Wenn allerdings eine solche Übereinkunft einem Mitgliedstaat gestattet, eine unionsrechtswidrige Maßnahme zu treffen, ohne ihn jedoch dazu zu verpflichten, so muss er vom Erlass einer solchen Maßnahme absehen (vgl. in diesem Sinne Urteile Evans Medical und Macfarlan Smith, Randnr. 32, und Centro-Com, Randnr. 60).
Diese Rechtsprechung muss entsprechende Anwendung auch dann finden, wenn sich aufgrund einer Entwicklung des Unionsrechts eine Gesetzesmaßnahme, die ein Mitgliedstaat gemäß der nach einer früheren internationalen Übereinkunft eröffneten Befugnis getroffen hat, als unionsrechtswidrig erweist. In einem solchen Fall kann sich der betroffene Mitgliedstaat nicht auf diese Übereinkunft berufen, um von den später aus dem Unionsrecht erwachsenen Verpflichtungen freigestellt zu werden.

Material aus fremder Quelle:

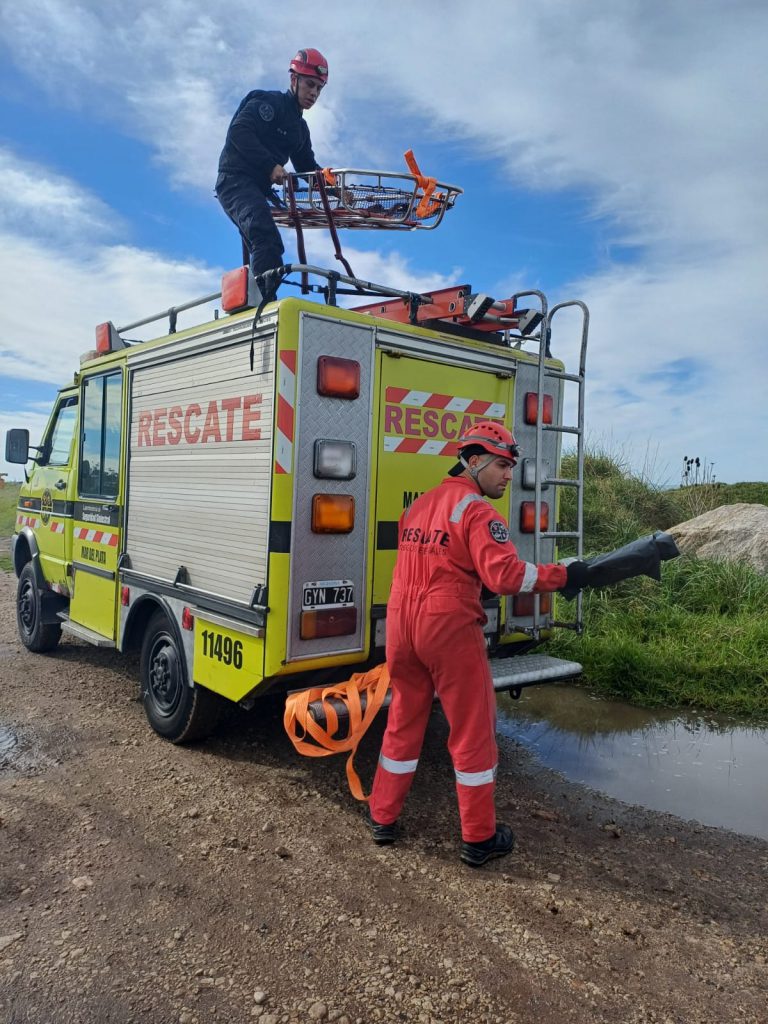 Descubren el cadáver de un hombre a los pies de un acantilado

Mit der Regelung, dass der Hauptregisseur eines Filmwerks als dessen Urheber oder einer seiner Urheber gilt, hat der Unionsgesetzgeber die Zuständigkeiten der Union auf dem Gebiet des geistigen Eigentums wahrgenommen. Die Mitgliedstaaten sind unter diesen Umständen nicht mehr zum Erlass von Bestimmungen befugt, mit denen diese Unionsregelung in Frage gestellt wird. Sie können sich daher nicht mehr auf die mit Art. 14bis der Berner Übereinkunft eingeräumte Befugnis berufen.
Weiter ist festzustellen, dass sich eine Gesetzesmaßnahme wie die oben in Randnr. 60 beschriebene nicht als mit dem Ziel vereinbar erweist, das mit der Richtlinie 2001/29 verfolgt wird.
Dem neunten Erwägungsgrund der Richtlinie 2001/29, die u. a. das Vervielfältigungsrecht und das Recht zur öffentlichen Wiedergabe regelt, ist nämlich zu entnehmen, dass der Unionsgesetzgeber, da er den Schutz des Urheberrechts für das geistige Schaffen für wesentlich erachtet, den Urhebern ein hohes Schutzniveau gewährleisten wollte. Das geistige Eigentum ist daher als Bestandteil des Eigentums anerkannt worden.
Da dem Hauptregisseur des Filmwerks die Urhebereigenschaft zuerkannt worden ist, wäre es mit dem von der Richtlinie 2001/29 verfolgten Ziel nicht vereinbar, zuzulassen, dass diesem Urheber die in Rede stehenden Verwertungsrechte abgesprochen werden.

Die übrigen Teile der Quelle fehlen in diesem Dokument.